The whole "investigate anyone who's ever been friends with anyone who's been investigated for terrorism" workflow just winds up wasting resources and screwing over people who don't deserve to be screwed over.
I supposed we could fix it by going back to a society of hunter/gatherers who have little to no contact outside their tribe, after all, it'd be in the name of "preventing terrorism."/s
I understand that one has to choose their friends and not associate with obvious terrorists and organized crime but that just builds groups that reinforce each other. Incentivizing communities to become more politically homogenous just breeds more terrorism. If radicals only hang out with radicals they become more radical. That's why we have neo Nazis and white supremacist groups. Nobody wants to hang out with them because of the social stigma so they hang out with each other and create an echo chamber.
If nobody but the kid that secretly wants to shoot up the school will hang out with the other kid that secretly wants to shoot up the school you get problems, problems that scale to white supremacist groups, Al-Queda and ISIS, heck it even scales all the way up to major religions. How many hundreds of years did it take for protestants and Catholics to stop throwing each other in jail every time their land was conquered by a king of the other religion? How are the Sunnis and Shia doing?
I'm not by any means advocating for social/political homogeny (1984, Brave New World, etc). However, when the rules of society include "do nothing wrong and you have nothing to fear" people surround themselves with people of similar belief and kick out those that believe differently because what's right and wrong are determined by consensus. That's how you get two kids that think shooting up a school is a great idea, or ten guys that think bombing some sports event is a great idea, everyone (no matter how few) around them agrees.
So if you really want to prevent terrorism become friends with that awkward quiet religious fundamentalist guy in your office (or the doomsday prepper, or the racist or some other generic example of a person that usually becomes a social outcast). Everyone seeks out a group to be a meaningful part of. The enemy sets the bar for inclusion low, anyone can wear a suicide vest and the gun doesn't care if the person pulling the trigger is socially awkward. People join those groups and surround themselves with other radicals because all you have to do is believe what they do and you're part of the team.
Shunning people that are a "little bit too extreme" because associating with those types is suspicious and not something you want to involve yourself with just provides an incentive for them to associate with each other and create a positive feedback loop.

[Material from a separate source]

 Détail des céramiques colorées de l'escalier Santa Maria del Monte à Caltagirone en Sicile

No it's not a problem for anyone here but indirectly it's a problem for everyone here.
Do the people that were friends with Eric Harris, the Tsarniav(sp?) brothers and Jihadi John but let that friendship erode are glad they no longer associate with those people or do they wish they could have done something?
How do you know that?
Person A talks to person B. Person B supports terrorism. Person B does not mention terrorism in any communication with person A. Therefore, person A knows nothing, has done nothing wrong, and has nothing to worry about.

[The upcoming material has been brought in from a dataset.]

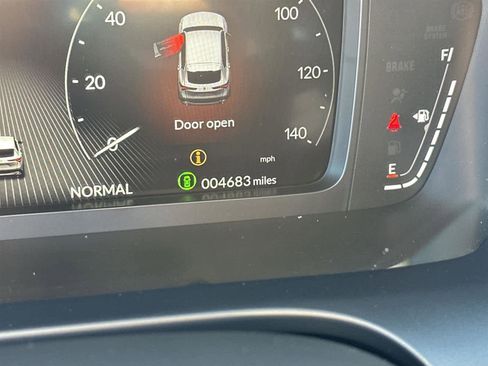 Used 2025 Acura ADX FWD image 18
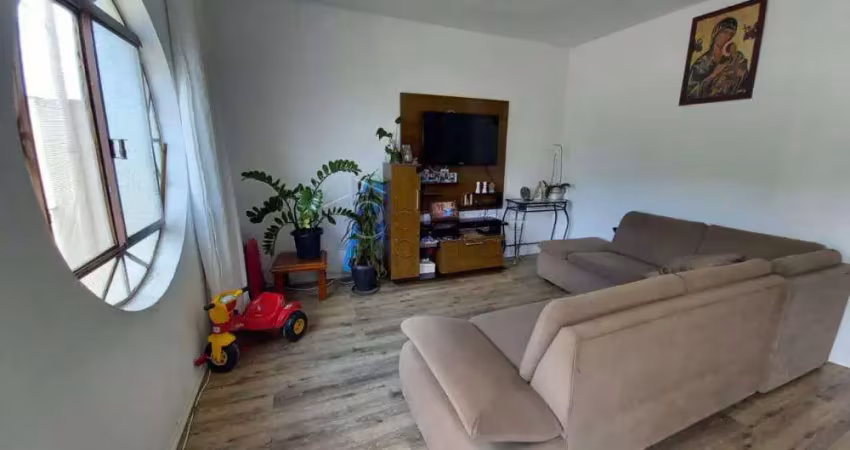 Casa para venda em jardim estádio de 239.00m² com 3 quartos, 1 suite e 5 garagens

How can you be so sure about that? Maybe the FBI thinks that A and B use some kind of code and B did mention terrorism to A. It's not about what really happened, it's about what the FBI thinks happened.
"knows nothing, has done nothing wrong" does not imply "has nothing to worry about".

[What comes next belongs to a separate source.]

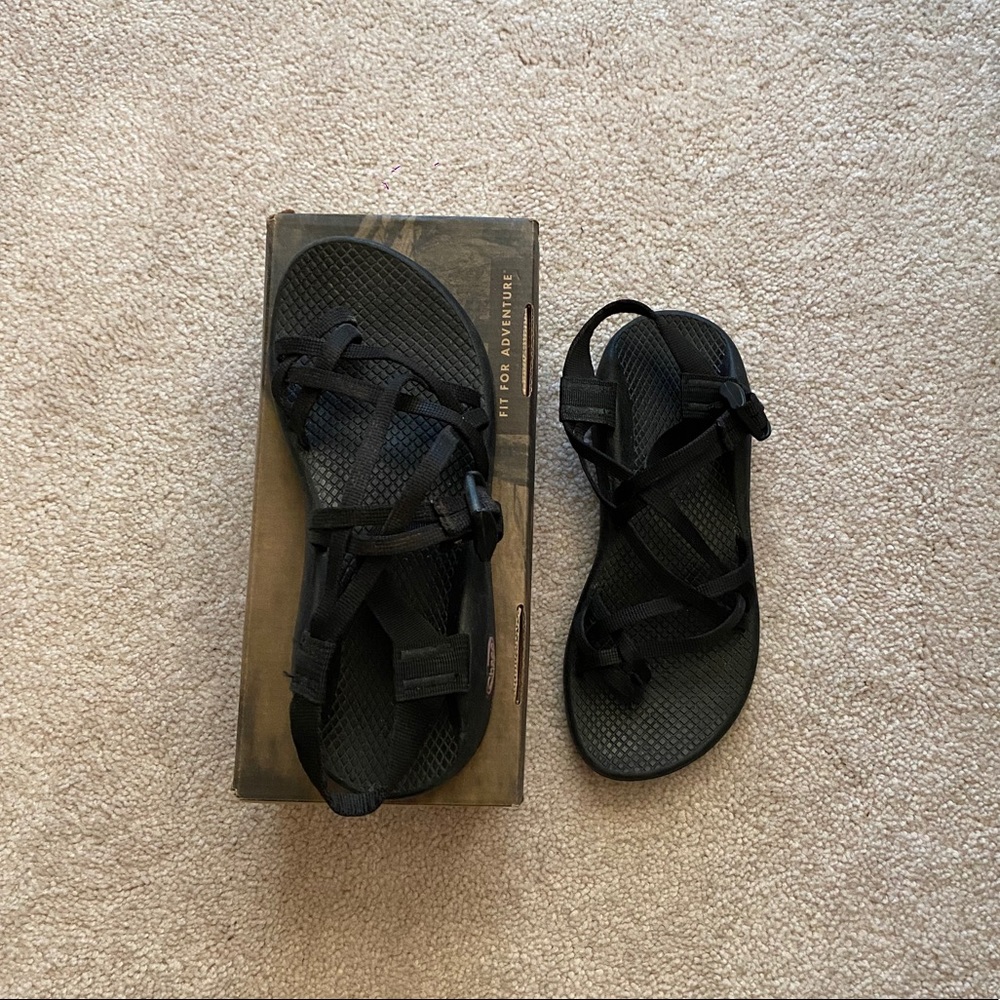 Perfect condition Chacos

Lest we forget, this is the same agency that -- until caught fairly recently, and for decades -- invented, practiced, and promoted to other law enforcement agencies an entire fraudulent field of "science" just so that law enforcement could pretend there was evidence linking people to crimes without any real basis. [0]
[0] http://www.slate.com/articles/news_and_politics/jurisprudenc...
She managed to convince this guy to say "ok" to taking guns after months of that sort of behavior.
I think you're being overly credulous. You can listen to the actual recorded conversations here: https://theintercept.com/2016/04/21/listen-to-an-fbi-honeypo...
This is actually a constitutional right.
I grudgingly agree with you on the last paragraph. For the majority of the population this is true. For a relative few outliers mistaken intent, misinterperetation or simply guilty of emotional outbursts(online & IRL) can and will happen. The frequency can be in the millions w/ a large enough population and pressure to over-reach/profit. That said, it seems fairly obvious to me the pressure to profit has grown too extreme. Unchecked in part due to FISA-style politics, political collusion and lobbying.
I am hopeful the pendulum of fear theater rocks back from this trend soon, as the backswing tends to mirror the former in extremity. The internet has enabled information sharing in ways previously unimaginable and in speeds hard to comprehend for most. The alphabet agencies & the mega corps(alphabet/apple/ms/etc) are the best at it and attract the majority of the talent. I theorize, perhaps the corps were the best of the best of the best at it and are a little miffed big bro is collecting it's own data good enough now the guv stopped buying data and now just demands more for free.
edit:
added 'own data' 2nd to last sentence
subbed 'it' for more in last sentence.
TLDR: Your're right. Abuses/erreors can and will always happen. Profit motive has pushed the envelope to what we have today.
Basic psych, backed up by statistics.
There's a critical amount of motivation needed for large plans (travel, running a business, shooting people, etc) that most people never come up with on their own.
When we look at how many dangerous people (as proven by unprompted attacks) fit into a profile the FBI would have harassed beforehand we can see how unrelated these groups are.
It's not like they're doing a bad thing but actually accomplishing something with it, such that if we just suffer some pain (the odd false arrest) we would made safer. Actually they're almost 100% misguided and we gain nothing except having built an otherwise worthless secret police who think they're infallible. (After all, they convince almost 100% of the crazies they target to push a button...)
> In the end, there is only one question you need to ask yourself: am I at risk of an FBI entrapment sting?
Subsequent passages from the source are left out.